## PROMPT
The copy you return must match the listing word for word and carry no pictures.

## STORED DATA
━━━━━━━━━━━━━━━━━━━━━━━━━━━━━━

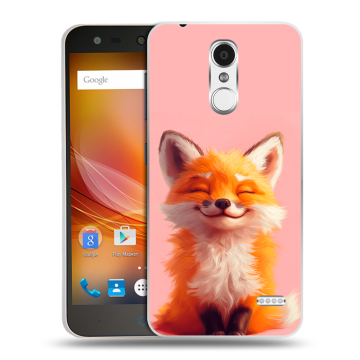 Пластиковый чехол на ZTE Blade X5 с принтом милая лиса Пластиковый чехол на ZTE Blade X5 с принтом милая лиса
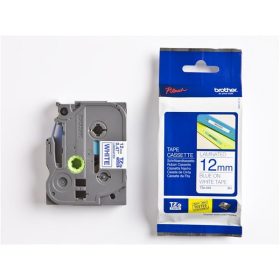   Feliratozógép szalag, 12 mm x 8 m, BROTHER, TZe-233 fehér-kék (QPTTZ233)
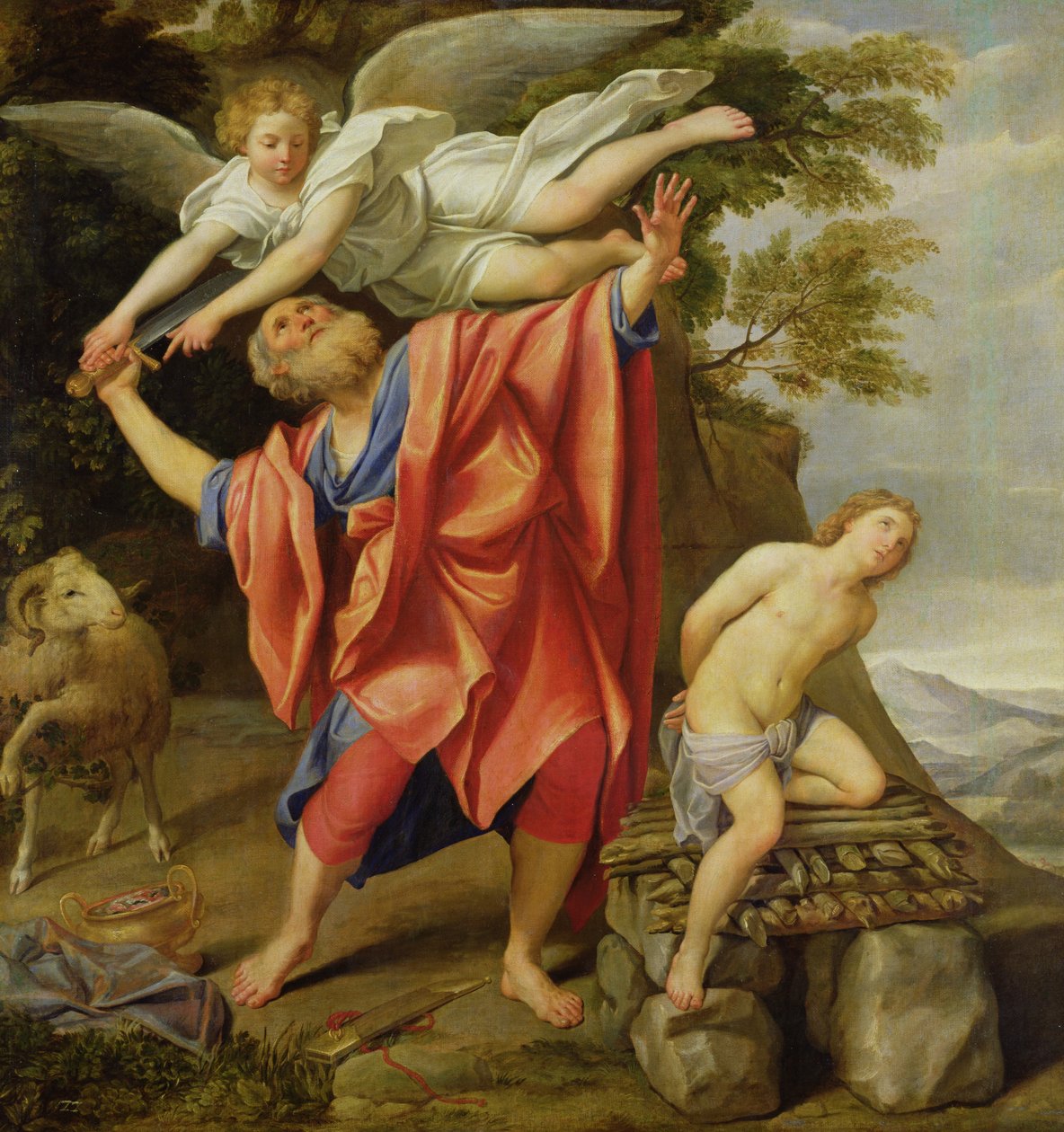 Iisakin uhri tekijältä Domenichino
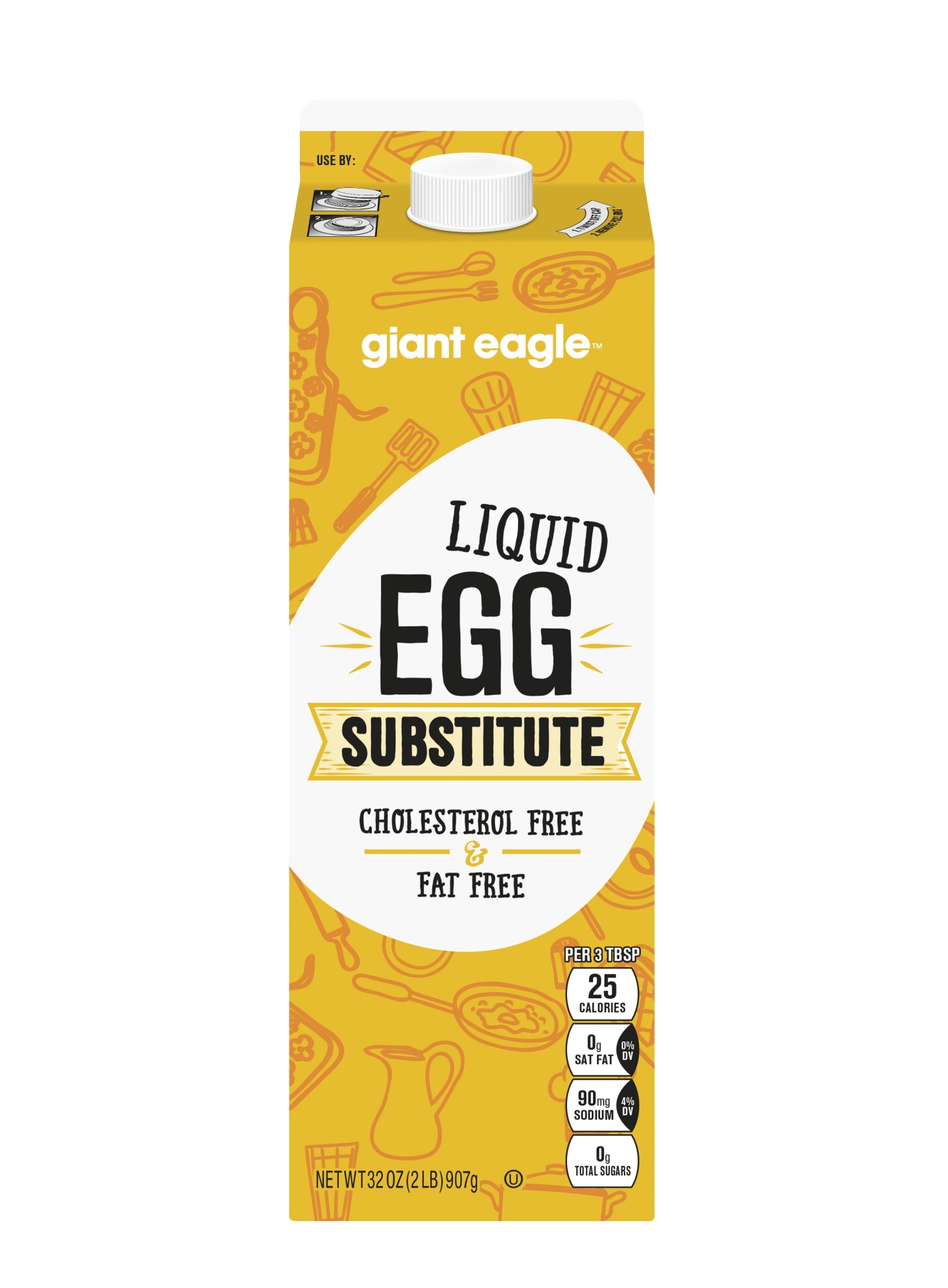 slide 1 of 1, Giant Eagle Liquid Egg, Egg Substitute, Cholesterol Free, Fat Free, 32 oz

━━━━━━━━━━━━━━━━━━━━━━━━━━━━━━

## EXERCISE RESPONSE
 Пластиковый чехол на ZTE Blade X5 с принтом милая лиса Пластиковый чехол на ZTE Blade X5 с принтом милая лиса
   Feliratozógép szalag, 12 mm x 8 m, BROTHER, TZe-233 fehér-kék (QPTTZ233)
 Iisakin uhri tekijältä Domenichino
 slide 1 of 1, Giant Eagle Liquid Egg, Egg Substitute, Cholesterol Free, Fat Free, 32 oz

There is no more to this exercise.